Liz Mason wanted to know — what are the least desirable aspects of a zine? What aesthetic, content, or construction choices simply repel zine lovers? Having worked at Chicago zine mecca Quimby’s Bookstore for two decades, the Chicago zinester (who publishes Caboose and Cul-de-sac, among others) did what no one else had: she asked. The result? Some great survey data and, brilliantly, her own real life Frankenstein of bad choices… The Most Unwanted Zine.

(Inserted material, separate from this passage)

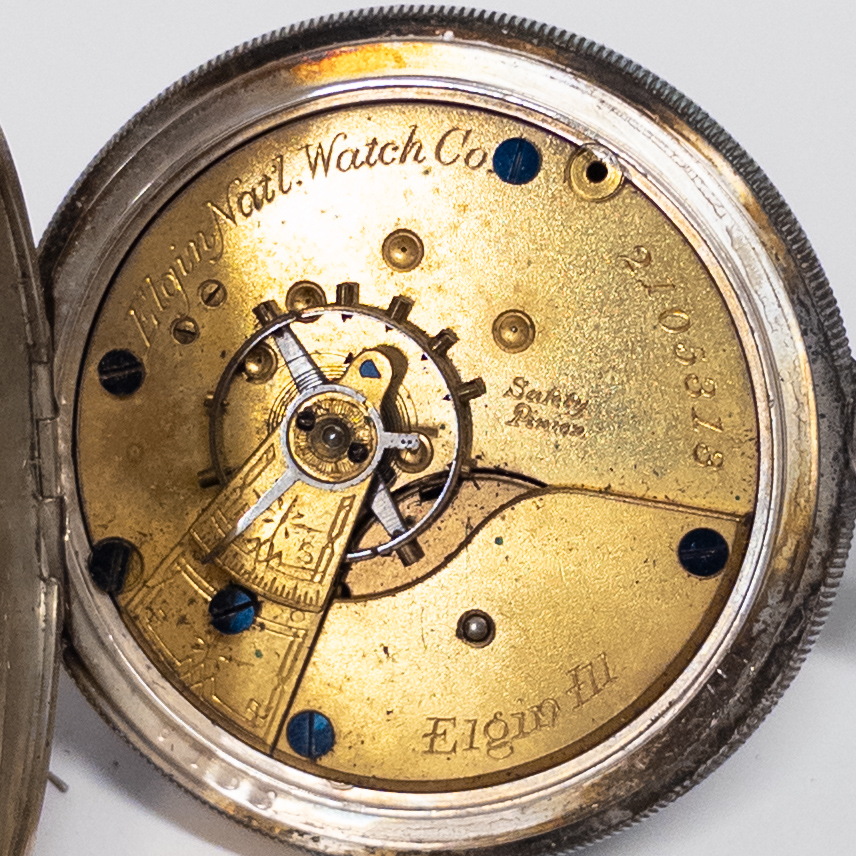 Coin Silver A.W.W.Co. Waltham and Elgin National Watch Co. Pocket Watch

So here we are, The Most Unwanted Zine. What was the #1 thing people said they didn’t want in a zine? Poetry. So there’s that. The #2 thing people complained about zines? Shitty construction. So there’s also that. But also, don’t miss a self-involved perzine rant, ridiculous font decisions with bad leading/kerning, a poorly laid out photo spread, the obligatory punk scene report, vague or meandering ramblings, lecturing with pedantically big academic words, whining and more!”
Most Unwanted Construction
1 // Shoddy construction
Uncollated, generally sloppy, unevenly trimmed, badly folded, pages are missing, repeated, or blank
2 // Hard to read
Tiny print, illegible text, tiny handwriting, print/font too hard to read, design makes it hard to read
3 // Printer issues
Poor toner contrast, pixelated
4 // Not enough text
All visuals
5 // Poorly bound
Unbound or bound by rubber bands
6 // Expensive
Overpriced. Some said zines shouldn’t exceed $10
Most Unwanted Topics
1 // Poetry
2 // Art zines
Photo zines, art zines, beautifully style over substance e.g. pretty, but lacks content (or content is too quickly absorbed and forgotten), collage zines, graffiti/street art
3 // Perzines
Self-indulgent/whiny/self-pitying/ wallowing perzines and rants, venting screeds without resolution or self-awareness, “author complains how difficult life is” or “collections of someone’s neuroses.”
4 // Ambiguity
Vague or meandering ramblings, too specific to the writer and not the reader (reader can’t relate), lack of anything substantive to communicate, strictly #s and facts with no personality or anecdotes, unfinished sketches, unclear theme
5 // Being lectured to
Preaching, morality, politics, veganism, socialism, virtue signaling or “hectoring wokeness”, see also social justice/politics, too academic/pedantic/dry/using big words & make reader feel they’re being lectured to
6 // Excessively graphic topic
Comics & illustration that is too graphic (gore/sex/zombies/horror), drugs, alcohol, “how cool it is to be drunk”, trauma, “mature”/“adult”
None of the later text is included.